Quando abbiamo analizzato la vittoria di Castillo, abbiamo fatto un parallelo con Hugo Chávez in Venezuela. Alcune caratteristiche si sono ripetute: entrambi "outsider", eletti nel bel mezzo di profonde crisi nei rispettivi sistemi politici. Entrambi rappresentanti di una maggioranza storicamente dimenticata e invisibile.
Tuttavia abbiamo sottolineato che in questo parallelismo la "prova del fuoco" risiede nel modo in cui i due leader hanno reagito agli attacchi dei loro nemici. Di fronte alla guerra implacabile della borghesia Chávez ha contrattaccato radicalizzando il processo, coinvolgendo le masse e ponendo il socialismo come orizzonte. Come ha reagito Castillo?

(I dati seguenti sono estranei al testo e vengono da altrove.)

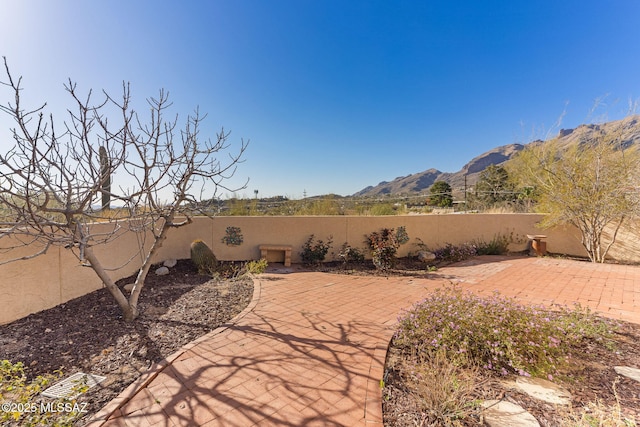 view of patio featuring a mountain view and a fenced backyard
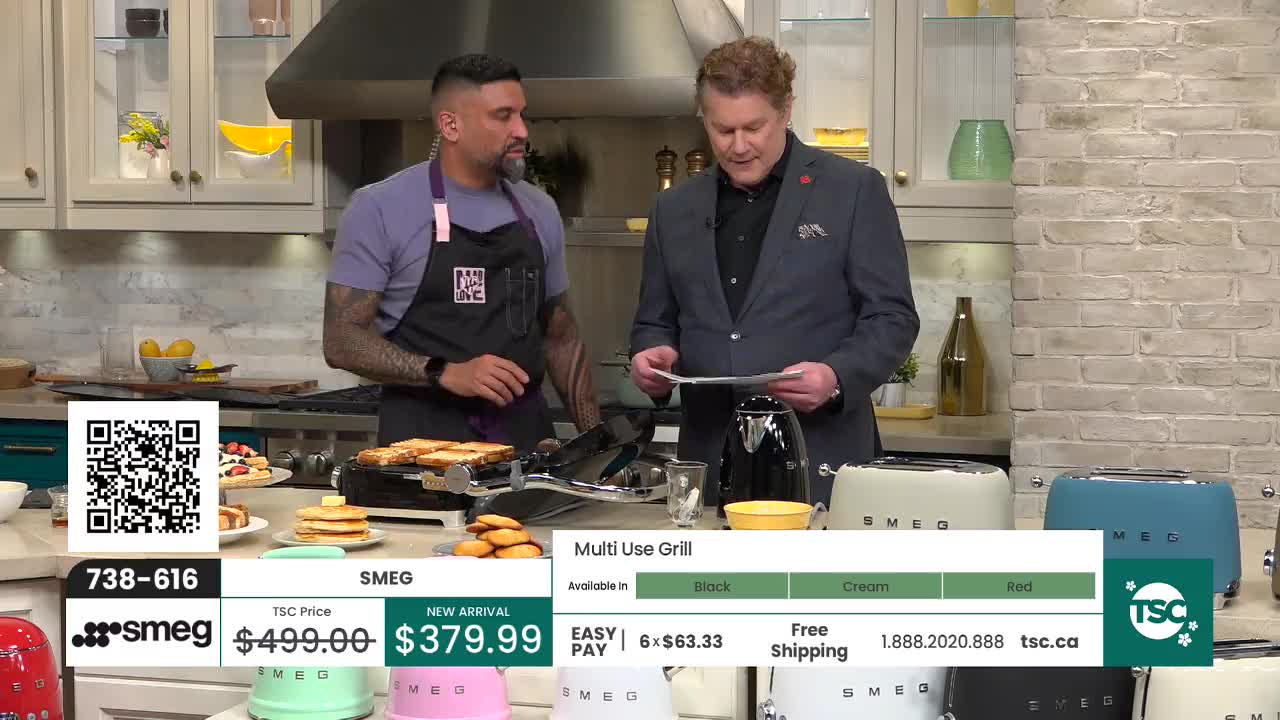 Two men stand in a bright kitchen, one demonstrating a grill while the other reads from a paper. A selection of colorful toasters sits on the counter beside them. Two men stand in a bright kitchen, one demonstrating a grill while the other reads from a paper. A selection of colorful toasters sits on the counter beside them.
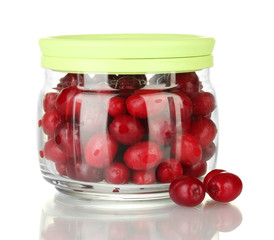 fresh cornel berries in glass jar isolated on white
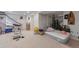 View of unfinished basement space, including exercise equipment, storage, and ample open floor area at 2246 S Ensenada St, Aurora, CO 80013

Purtroppo, nella direzione opposta. L'ex sindacalista ha più volte imboccato la strada della conciliazione, cercando tra una concessione e l'altra, di placare gli attacchi e i tentativi putschisti della destra. Ma questo non ha funzionato e l'offensiva è cresciuta. In mezzo ai suoi errori di calcolo, il presidente si è rivolto persino all'OSA! Naturalmente, l'OSA ha appoggiato senza esitazioni il colpo di Stato parlamentare.

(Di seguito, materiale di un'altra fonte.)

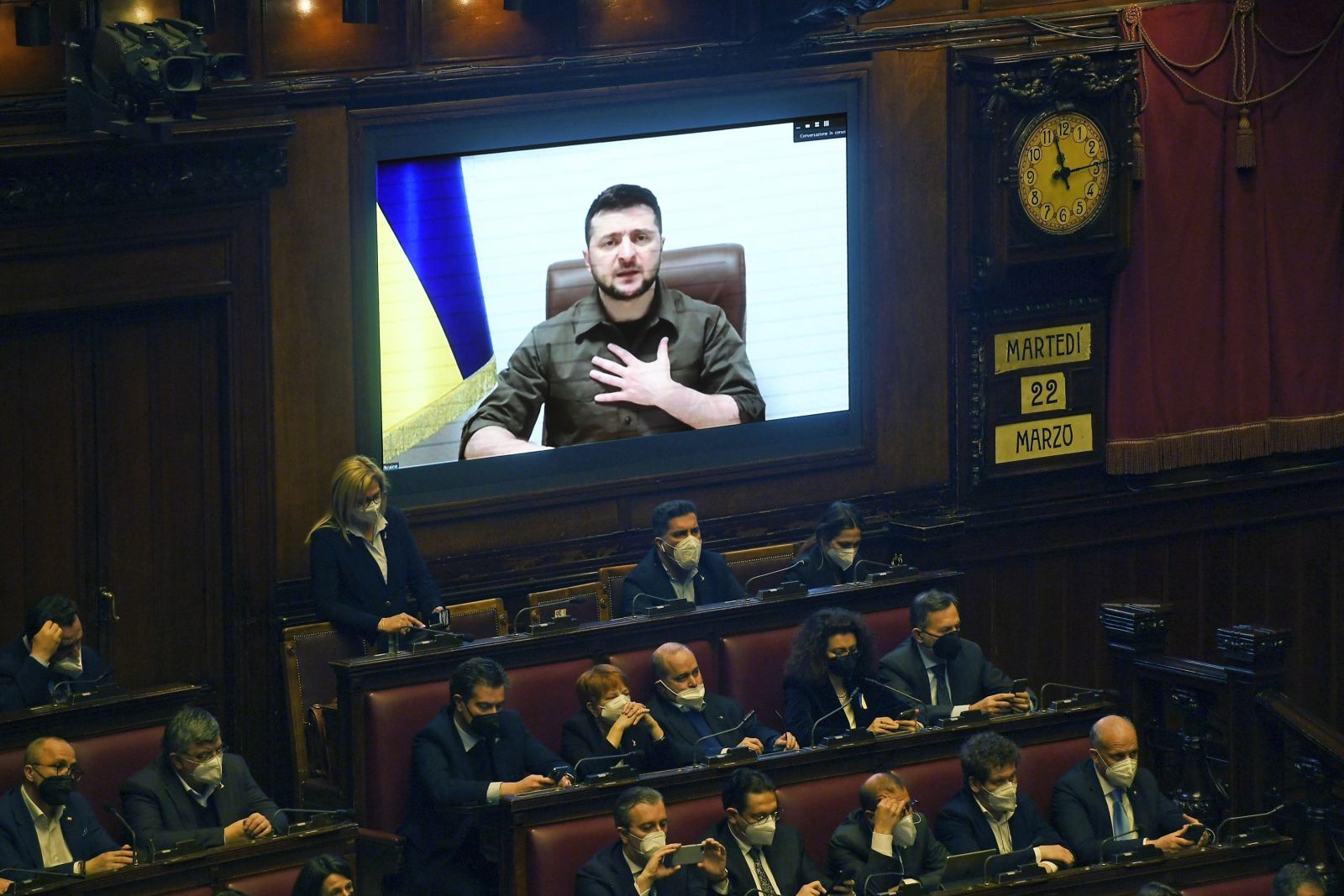 epa09841818 Ukrainian President Volodymyr Zelensky (on screen) addresses members of the Italian Parliament via video conference during an extraordinary Plenary session debating on the 'Russian aggression against Ukraine', at the Italian Parliament in Rome, Italy, 22 March 2022. On 24 February Russian troops had entered Ukrainian territory in what the Russian president declared a 'special military operation', resulting in fighting and destruction in the country, a huge flow of refugees, and multiple sanctions against Russia.  EPA/ALESSANDRO DI MEO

Castillo ha cambiato il suo governo cinque volte in seguito a voti di "sfiducia" al Congresso. Ha perso l'appoggio di Perù Libero e ha messo da parte gli stendardi che aveva sventolato durante la campagna elettorale. Di conseguenza, la sua base sociale si è gradualmente erosa e quando ha deciso di affrontare il nemico, non aveva alleati.
La destra e l'oligarchia peruviana esultano, ma la festa non durerà a lungo. Ci sono state grandi manifestazioni nelle strade di diverse città e richieste di sciopero. Alcune manifestazioni chiedono la liberazione di Castillo, ma la stragrande maggioranza si muove per respingere il Congresso, un'istituzione corrotta fino al midollo e priva di qualsiasi legittimità. Le richieste di un'Assemblea Costituente si fanno sempre più forti. Resta da vedere chi riuscirà a incanalare il malcontento per generare grandi trasformazioni nel Paese, cosa che Castillo non è riuscito a fare.

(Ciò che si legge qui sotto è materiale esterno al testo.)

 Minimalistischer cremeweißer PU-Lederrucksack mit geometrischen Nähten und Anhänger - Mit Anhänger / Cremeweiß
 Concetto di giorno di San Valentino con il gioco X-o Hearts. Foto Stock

Ci sono lezioni fondamentali da imparare dalla breve e travagliata presidenza di Pedro Castillo. La più importante è che, anche se in alcuni contesti è necessario pensare di "guadagnare tempo" e stringere alleanze tattiche, qualsiasi progetto di trasformazione dovrà scontrarsi con la borghesia, le élite e i nemici del popolo.
È vero che Castillo ha sempre dovuto manovrare in condizioni molto ostili. Ma è stato eletto con un mandato popolare e sospinto da un sentimento di rifiuto dell'oligarchia peruviana, sentimento che è di nuovo nelle strade. È possibile che un'offensiva contro la destra non avesse successo. Ma cedere e poi cedere ancora, non poteva che portare a una sconfitta certa. E per citare ancora Chávez, "con questa borghesia perfida e senza patria non c'è accordo possibile".